The electric grid is built for heat. The days when the system is under the most stress are typically humid summer evenings, when air conditioning is still going full blast, appliances are being turned on as commuters return home, and solar generation is fading, stretching the generation and distribution grid to its limits.
But as home heating and transportation goes increasingly electric, more of the country — even some of the chilliest areas — may start to struggle with demand that peaks in the winter.
While summer demand peaks are challenging, there’s at least a vision for how to deal with them without generating excessive greenhouse gas emissions — namely battery storage, which essentially holds excess solar power generated in the afternoon in reserve for the evening. In states with lots of renewables on the grid already, like California and Texas, storage has been helping smooth out and avoid reliability issues on peak demand days.
The winter challenge is that you can have long periods of cold weather and little sun, stressing every part of the grid. The natural gas production and distribution systems can struggle in the cold with wellheads freezing up and mechanical failure at processing facilities, just as demand for home heating soars, whether provided by piped gas or electricity generated from gas-fired power plants.
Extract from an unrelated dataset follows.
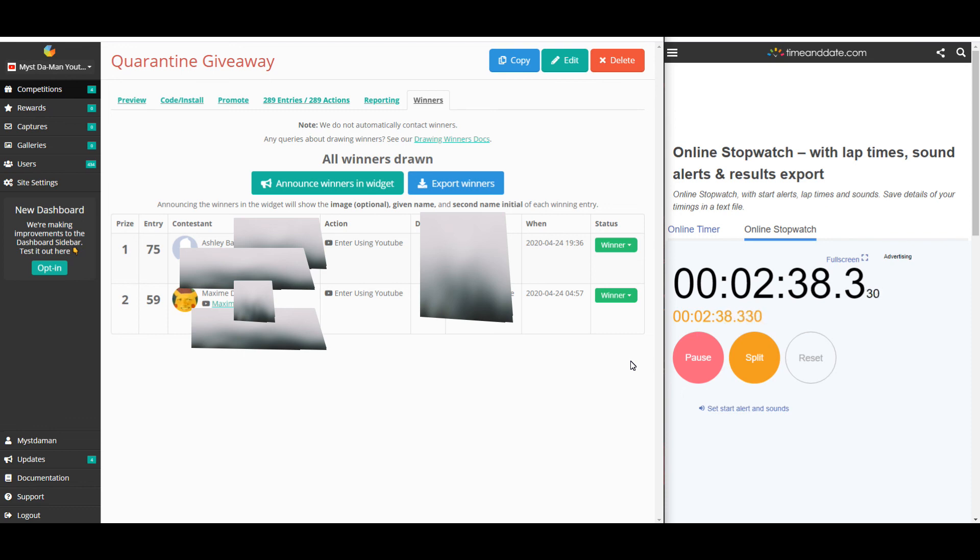So, those are the two winners. I'm going to go ahead and send you guys an email. Check your email please. And I'll see you all in the next one. Bye-bye.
In its recent annual seasonal reliability assessment, the North American Reliability Corporation, a standard-setting body for grid operators, found that “much of North America is again at an elevated risk of having insufficient energy supplies” should it encounter “extreme operating conditions,” i.e. “any prolonged, wide-area cold snaps.”
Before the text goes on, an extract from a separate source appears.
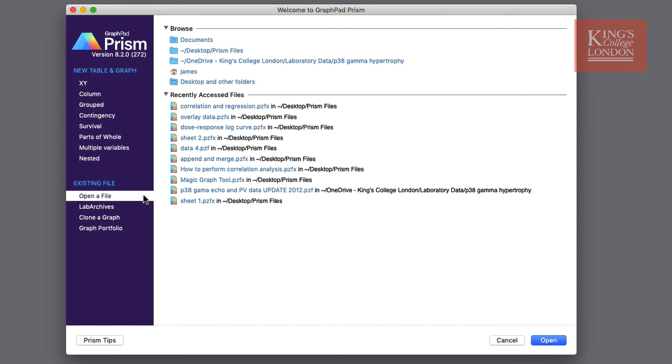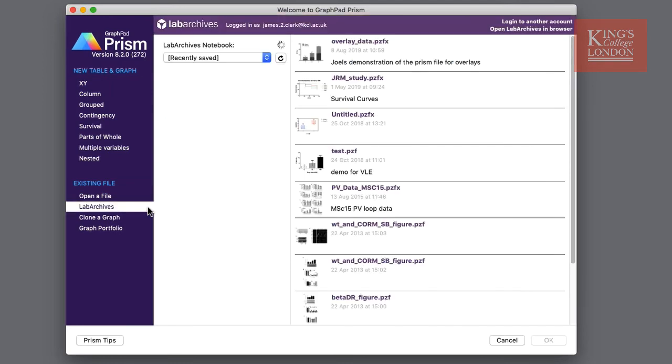Many GraphPad Prism users already take advantage of the Lab Archives service. Lab Archives allows you to store your data, your graphs and your tables in an online resource where you can then share with collaborators or store for later use. If you are a Lab Archives user and wish to use this you can click on Lab Archives and access your online resources.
NERC cited growing electricity demand and the difficulty operating generators in the winter, especially those relying on natural gas. In 2021, Winter Storm Uri effectively shut down Texas’ grid for several days as generation and distribution of natural gas literally froze up while demand for electric heating soared. Millions of Texans were left exposed to extreme low temperatures, and at least 246 died as a result.
Some parts of the country already experience winter peaks in energy demand, especially places like North Carolina and Oregon, which “have winters that are chilly enough to require some heating, but not so cold that electric heating is rare,” in the words of North Carolina State University professor Jeremiah Johnson. "Not too many Mainers or Michiganders heat their homes with electricity,” he said.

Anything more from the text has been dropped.